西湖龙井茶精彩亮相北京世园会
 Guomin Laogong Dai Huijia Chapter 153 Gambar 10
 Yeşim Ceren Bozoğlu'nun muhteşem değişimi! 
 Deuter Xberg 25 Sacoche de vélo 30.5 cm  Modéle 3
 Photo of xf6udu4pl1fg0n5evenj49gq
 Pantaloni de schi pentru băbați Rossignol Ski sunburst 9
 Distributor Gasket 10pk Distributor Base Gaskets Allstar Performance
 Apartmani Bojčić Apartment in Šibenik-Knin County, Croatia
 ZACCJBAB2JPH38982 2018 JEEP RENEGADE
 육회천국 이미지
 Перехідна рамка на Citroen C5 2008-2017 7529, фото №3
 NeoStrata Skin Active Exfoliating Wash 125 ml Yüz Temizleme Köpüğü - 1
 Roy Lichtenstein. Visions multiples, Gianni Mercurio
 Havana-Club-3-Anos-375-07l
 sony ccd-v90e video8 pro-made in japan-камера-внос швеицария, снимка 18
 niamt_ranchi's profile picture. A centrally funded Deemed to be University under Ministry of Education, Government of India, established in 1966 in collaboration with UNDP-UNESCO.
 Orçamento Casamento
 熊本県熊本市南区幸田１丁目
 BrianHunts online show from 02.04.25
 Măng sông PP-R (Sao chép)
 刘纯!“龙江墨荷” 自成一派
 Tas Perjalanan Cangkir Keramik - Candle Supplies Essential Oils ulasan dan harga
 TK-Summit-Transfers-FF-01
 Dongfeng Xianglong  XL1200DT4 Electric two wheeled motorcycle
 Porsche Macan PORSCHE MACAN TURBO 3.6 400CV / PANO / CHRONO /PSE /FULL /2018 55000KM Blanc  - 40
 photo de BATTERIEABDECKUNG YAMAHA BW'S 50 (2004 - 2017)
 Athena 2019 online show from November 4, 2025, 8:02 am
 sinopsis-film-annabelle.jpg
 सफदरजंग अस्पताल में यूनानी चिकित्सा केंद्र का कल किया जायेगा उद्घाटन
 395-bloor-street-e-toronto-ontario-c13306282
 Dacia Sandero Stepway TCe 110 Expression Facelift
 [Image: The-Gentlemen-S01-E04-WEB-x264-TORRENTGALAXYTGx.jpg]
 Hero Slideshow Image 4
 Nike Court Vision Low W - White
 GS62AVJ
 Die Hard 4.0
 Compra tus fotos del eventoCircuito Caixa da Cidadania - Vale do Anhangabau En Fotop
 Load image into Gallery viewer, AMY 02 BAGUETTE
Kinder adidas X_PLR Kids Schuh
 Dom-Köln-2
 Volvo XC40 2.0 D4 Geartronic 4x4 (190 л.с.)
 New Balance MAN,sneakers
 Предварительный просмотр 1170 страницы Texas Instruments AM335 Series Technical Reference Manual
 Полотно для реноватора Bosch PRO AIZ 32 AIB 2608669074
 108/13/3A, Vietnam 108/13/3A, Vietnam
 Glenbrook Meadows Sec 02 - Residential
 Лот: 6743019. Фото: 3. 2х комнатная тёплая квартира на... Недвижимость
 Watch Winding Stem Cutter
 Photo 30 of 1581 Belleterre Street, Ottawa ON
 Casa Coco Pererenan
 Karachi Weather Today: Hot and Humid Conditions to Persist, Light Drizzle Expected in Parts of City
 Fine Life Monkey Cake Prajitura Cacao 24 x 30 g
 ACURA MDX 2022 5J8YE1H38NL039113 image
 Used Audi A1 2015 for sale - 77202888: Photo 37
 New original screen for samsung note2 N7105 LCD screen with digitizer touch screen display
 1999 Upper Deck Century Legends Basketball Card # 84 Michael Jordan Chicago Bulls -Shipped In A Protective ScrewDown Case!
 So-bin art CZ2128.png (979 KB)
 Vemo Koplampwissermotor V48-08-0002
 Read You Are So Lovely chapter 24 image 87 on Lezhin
□ □ □
How to complete this task. Only the lines from the one that contains "Fine Life Monkey" to the end of the entries above should be given again, exactly and in full.

Written answer.
 Fine Life Monkey Cake Prajitura Cacao 24 x 30 g
 ACURA MDX 2022 5J8YE1H38NL039113 image
 Used Audi A1 2015 for sale - 77202888: Photo 37
 New original screen for samsung note2 N7105 LCD screen with digitizer touch screen display
 1999 Upper Deck Century Legends Basketball Card # 84 Michael Jordan Chicago Bulls -Shipped In A Protective ScrewDown Case!
 So-bin art CZ2128.png (979 KB)
 Vemo Koplampwissermotor V48-08-0002
 Read You Are So Lovely chapter 24 image 87 on Lezhin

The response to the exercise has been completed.